Moccamaster has been made by their Dutch manufacturer since 1968. It’s a classic!

I've now used this beauty for a week and I'm happy to report that it fits the bill. I'm making tasty brewed coffee in roughly 5 minutes. The best part is that I don't have to be there for the whole 5 minutes! Because of the way it's designed, the workflow goes like this:

  1. Grind coffee
  2. Fold and insert filter paper
  3. Pour coffee grounds onto filter paper
  4. Pour the desired volume of water to be made magically into coffee
  5. Switch on the machine
  6. (I can go away and do something else now)
  7. Return anytime within the next hour to grab warm coffee from the carafe

Wonderful, right?! Contrast this to the Aeropress brewing method (around 7 minutes):

  1. Grind coffee
  2. Start boiling water
  3. Insert plunger into body
  4. Insert filter paper
  5. Pour coffee grounds into the body
  6. Wait for boiled water to cool slightly
  7. Pour hot water into the body to start brewing
  8. Wait around for 3 minutes (if I leave, I'll have extremely strong coffee)
  9. Lock the filter head and push the plunger to extract coffee into mug

Brewing with the Aeropress is not only a long process, it requires me to stick around to prevent the coffee from over-steeping. I can't set and forget with this method. I can't set and forget with any other method I've tried so far. (Except for Nespresso capsule-type systems, which are tremendously wasteful; don't get me started on their "recycling program"!)

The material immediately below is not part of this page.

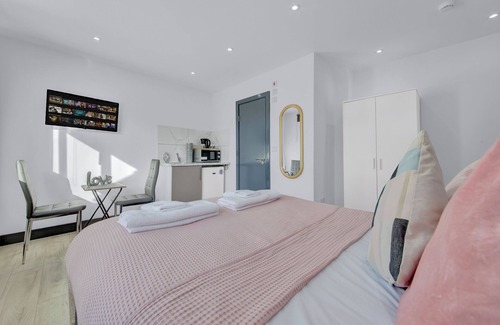 London Borough of Hounslow Apartment | Immaculate 1-bed Studio in Feltham Heathrow London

Anyway, as I was saying, tension. Where's the tension? Well, as soon as I noticed the trend, a voice in my head went, Listen to yourself. Do you hear what you're saying? Saving two minutes? Multi-tasking while making coffee?

Back to the earlier sorted list:

  1. Instant coffee (fastest)
  2. French Press
  3. Moccamaster ← I’m here now
  4. Aeropress
  5. Moka Pot
  6. V60 Filter
  7. Espresso machine (slowest)

I don't like convenience. I enjoy it, but I don't like it when I make it a priority in any aspect of my life, coffee-making included. It has to do with the conveyor belt effect of efficiency:

  • Conveyor belt brings work to you at the rate of X units per minute
  • You learn to become more efficient at doing the work
  • Conveyor belt speeds up, now bringing work at the rate of X+1 units per minute

Efficiency is never the answer to life's problems. It could very well lead to more problems. As Oliver Burkeman writes in Four Thousand Weeks:

The problem isn’t exactly that these techniques and products don’t work. It’s that they do work—in the sense that you’ll get more done, race to more meetings, ferry your kids to more after-school activities, generate more profit for your employer—and yet, paradoxically, you only feel busier, more anxious, and somehow emptier as a result.

This is what's troubling me about my recent purchase of the Moccamaster. I'm trending fast, which means I'm trending efficient, productive, and probably as a (further) result, impatient.

So, should I force myself to go back to slow coffee? Or can I stick to my fast coffee and just be careful with where I'm headed?

I don't yet have an answer, but I have a feeling that this whole thing is less of a normal distribution curve and more of a sinusoidal wave. At the next stage in life, I'll probably head in the opposite direction again. Maybe it's not me wanting fast coffee now so much as my age and corresponding life situation demanding it for now.